# 1990 chevy p30 sway bar bushings



## mikenmel (Apr 24, 2010)

does anyone have any info on front sway bar to frame bushings on a 1990 holiday rambler chevy p30 motorhome chassis that has an 1.5" sway bar.  every part catalog and parts store only lists up to a 1 5/16" bushing.  i have measured the bar with an open end wrench and a digital micrometer and it's definately a 1.5" bar.  my bushings are wasted and it's driving me nuts but i can't find the correct size anywhere.  thanks.


----------



## Guest (Apr 24, 2010)

RE: 1990 chevy p30 sway bar bushings

Mike ,, first off welcome to the forums ,, not sure where u live and such ,, but if u have  Truck Pro parts store near u ,, i know they can get what u want ,, but also ck with the Chevy dealer ,, they maybe able to get them for u also ,, and while u'r at ,, call a few of the big truck shops ,, Napa should be able to get what u need , they have a Big truck catalog ,, but it depends on if the parts guy knows how to use it and such ,,


----------



## Triple E (Apr 27, 2010)

RE: 1990 chevy p30 sway bar bushings



These people have sway bars bushings for chevy motor homes. Good Luck.

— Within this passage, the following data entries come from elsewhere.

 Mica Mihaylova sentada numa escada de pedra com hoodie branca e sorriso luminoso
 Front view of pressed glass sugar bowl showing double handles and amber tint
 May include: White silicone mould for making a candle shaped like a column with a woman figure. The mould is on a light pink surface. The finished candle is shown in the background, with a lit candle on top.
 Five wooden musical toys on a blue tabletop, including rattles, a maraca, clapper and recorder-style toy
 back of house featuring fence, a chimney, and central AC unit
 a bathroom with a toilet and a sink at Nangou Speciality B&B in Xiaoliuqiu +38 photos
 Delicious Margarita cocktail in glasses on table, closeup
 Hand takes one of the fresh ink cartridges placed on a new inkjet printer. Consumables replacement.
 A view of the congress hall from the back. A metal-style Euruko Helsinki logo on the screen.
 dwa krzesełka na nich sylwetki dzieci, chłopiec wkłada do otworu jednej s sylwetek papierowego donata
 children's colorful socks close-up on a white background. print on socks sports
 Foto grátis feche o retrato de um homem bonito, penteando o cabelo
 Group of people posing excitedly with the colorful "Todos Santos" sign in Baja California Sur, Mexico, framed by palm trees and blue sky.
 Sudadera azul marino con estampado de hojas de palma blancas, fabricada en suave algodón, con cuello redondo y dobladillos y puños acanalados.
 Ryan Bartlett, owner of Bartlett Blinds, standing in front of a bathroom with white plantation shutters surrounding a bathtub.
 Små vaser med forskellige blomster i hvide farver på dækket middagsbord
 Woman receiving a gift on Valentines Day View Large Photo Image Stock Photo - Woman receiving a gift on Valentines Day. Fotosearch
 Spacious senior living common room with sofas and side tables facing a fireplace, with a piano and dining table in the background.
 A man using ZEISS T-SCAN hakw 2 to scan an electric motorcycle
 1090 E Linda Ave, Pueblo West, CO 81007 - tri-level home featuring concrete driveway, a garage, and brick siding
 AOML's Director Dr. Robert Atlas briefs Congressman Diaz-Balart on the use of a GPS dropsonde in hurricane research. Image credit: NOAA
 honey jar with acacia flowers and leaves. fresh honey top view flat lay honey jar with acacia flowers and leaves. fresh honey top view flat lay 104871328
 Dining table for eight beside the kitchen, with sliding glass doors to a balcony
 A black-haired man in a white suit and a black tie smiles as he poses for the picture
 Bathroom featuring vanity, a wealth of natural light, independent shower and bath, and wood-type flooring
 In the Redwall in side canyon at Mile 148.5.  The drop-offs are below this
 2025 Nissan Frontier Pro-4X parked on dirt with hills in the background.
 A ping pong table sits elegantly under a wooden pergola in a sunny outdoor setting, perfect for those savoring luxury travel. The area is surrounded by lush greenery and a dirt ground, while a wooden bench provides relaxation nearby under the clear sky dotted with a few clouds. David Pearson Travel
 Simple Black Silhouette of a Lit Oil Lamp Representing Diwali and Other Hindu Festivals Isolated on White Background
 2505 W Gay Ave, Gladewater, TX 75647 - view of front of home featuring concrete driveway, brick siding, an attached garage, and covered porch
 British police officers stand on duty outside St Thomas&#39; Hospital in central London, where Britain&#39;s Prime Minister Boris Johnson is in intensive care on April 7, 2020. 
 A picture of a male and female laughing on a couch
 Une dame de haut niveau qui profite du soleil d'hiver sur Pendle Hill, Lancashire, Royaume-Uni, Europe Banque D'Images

http://www.suspensionconnection.com/cgi-bin/suscon/scan/fi=products/st=db/co=1/sf=category/se=Sway%20Bar%20Bushings/op=eq/nu=0/sf=veh_make/se=Chevy%20%3A%3A%20GMC/op=eq/nu=0/sf=model/se=Truck%204wd/op=eq/nu=0/ml=25/tf=category/to=x/tf=veh_make/to=x/tf=model/to=x/tf=description/to=r.html


----------



## mikenmel (Apr 27, 2010)

Re: 1990 chevy p30 sway bar bushings

thanks triple e..........i see a set for a 1.42" bar....might be able to make that work........


----------



## Triple E (Apr 28, 2010)

Re: 1990 chevy p30 sway bar bushings

No problem Mike, that is what we are here for.  Please let us know if it works.    

 :8ball:


----------



## mikenmel (May 1, 2010)

Re: 1990 chevy p30 sway bar bushings

got a set for a 1.42" bar.  not exactly right, there's a small gap that won't close up.  but they work and it's tremendously better than it was before.  i know these won't last all that long but this buys me time and i can still look for the right ones.....thanks for the help.


----------